Le Pacifique, durant plusieurs décennies à l’issue de la Seconde Guerre mondiale, a été un lac américain avec une domination sans partage de la marine et des forces armées américaines sur l’ensemble de la région. Cette situation n’était pas totalement nouvelle puisque, dès le milieu du XIXe siècle, les États-Unis ont commencé à s’intéresser au Pacifique, boutant d’ailleurs les Espagnols de la zone en 1898.
La France dans le Pacifique : aspects stratégiques (mars 1988)
France in the Pacific: Strategic Aspects (March 1988)
For several decades following the Second World War the Pacific was an American lake, completely dominated by the US Navy and US armed forces. The situation was not entirely new, since the United States had shown interest in the Pacific from the middle of the 19th century and had driven the Spanish out of the area in 1898.
Le Pacifique, durant plusieurs décennies, a été un lac américain avec une domination sans partage de la marine et des forces armées américaines sur l’ensemble de la région. Cette situation n’était pas totalement nouvelle, puisque dès le milieu du XIXe siècle les États-Unis ont commencé à s’intéresser au Pacifique et il y avait même eu dès le début du siècle dernier rivalité avec la Russie ; elle ne prit pas un tour tragique et les relations entre la Russie tsariste et les États-Unis furent sereines durant tout le XIXe siècle.

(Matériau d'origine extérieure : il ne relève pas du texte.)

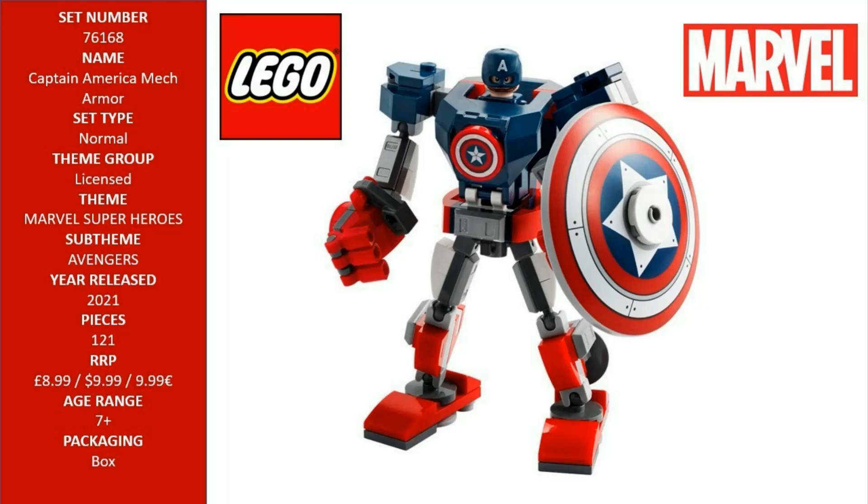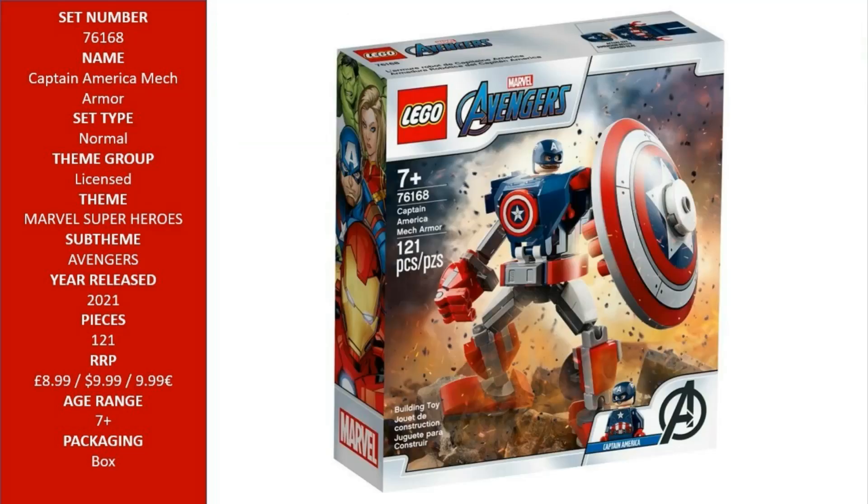Put supersized superhero action into kids' hands with LEGO Marvel Avengers Captain America Mech Armor, 76168. Featuring a Captain America minifigure and mech, it's packed with cool features to encourage imaginative play.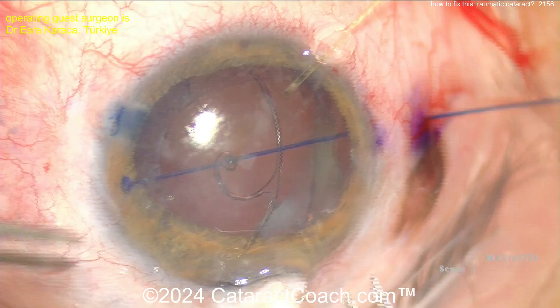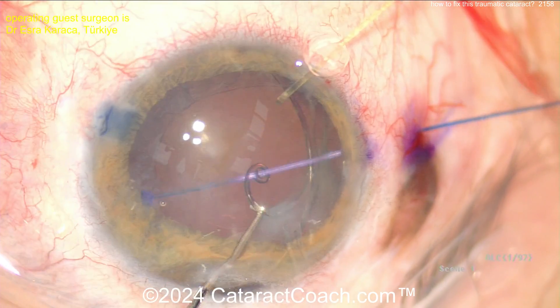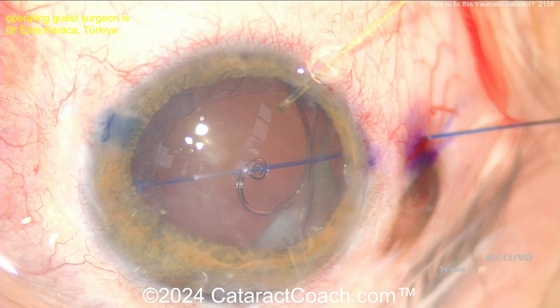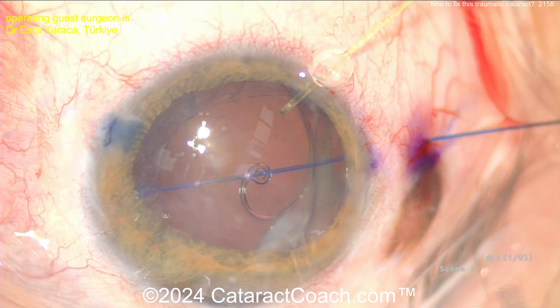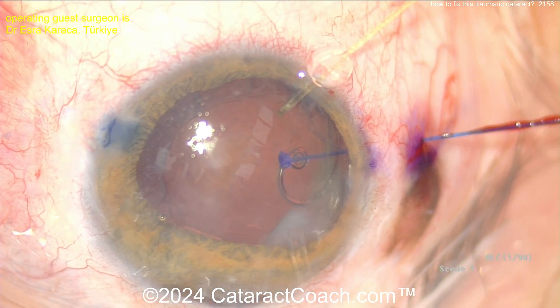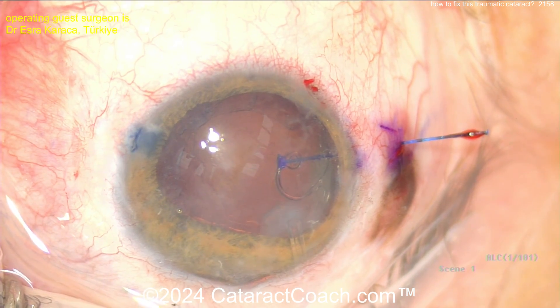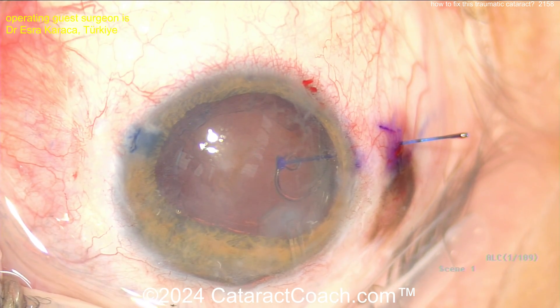Here it goes in the eye like the big CTR — the big Cionni ring. There's the extra little appendage going inside the eye. Beautifully placed, very nicely done. Now you can put a little bit more tension there on that blue prolene suture, pull that down, and get some good support and center this up.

Il faut rappeler que la Russie a été le plus fervent partisan de l’Union durant la guerre de Sécession, et lorsque la Russie d’Amérique fut vendue en 1867 par le gouvernement de Saint-Pétersbourg, elle le fut certes parce qu’elle était jugée indéfendable et de peu d’intérêt, mais les Russes craignaient plus une attaque franco-britannique du type de celle qui avait pu se produire durant la guerre de Crimée qu’une offensive américaine. Le secrétaire d’État Seward qui avait négocié cet achat, fortement blâmé d’ailleurs par une partie du Congrès et de l’opinion, n’était guère suivi quand il rêvait d’un Pacifique Nord entièrement contrôlé par les États-Unis. On l’oublie aujourd’hui, mais au XIXe siècle il y eut un très fort courant dans les milieux diplomatiques américains qui tendait ni plus ni moins qu’à l’annexion pure et simple du Canada ; l’annexion de l’Alaska par Seward était le prélude à celle de la Colombie britannique. Des négociations officieuses eurent lieu entre les Britanniques et les Américains pour se briser très vite sur l’apparition du nationalisme canadien.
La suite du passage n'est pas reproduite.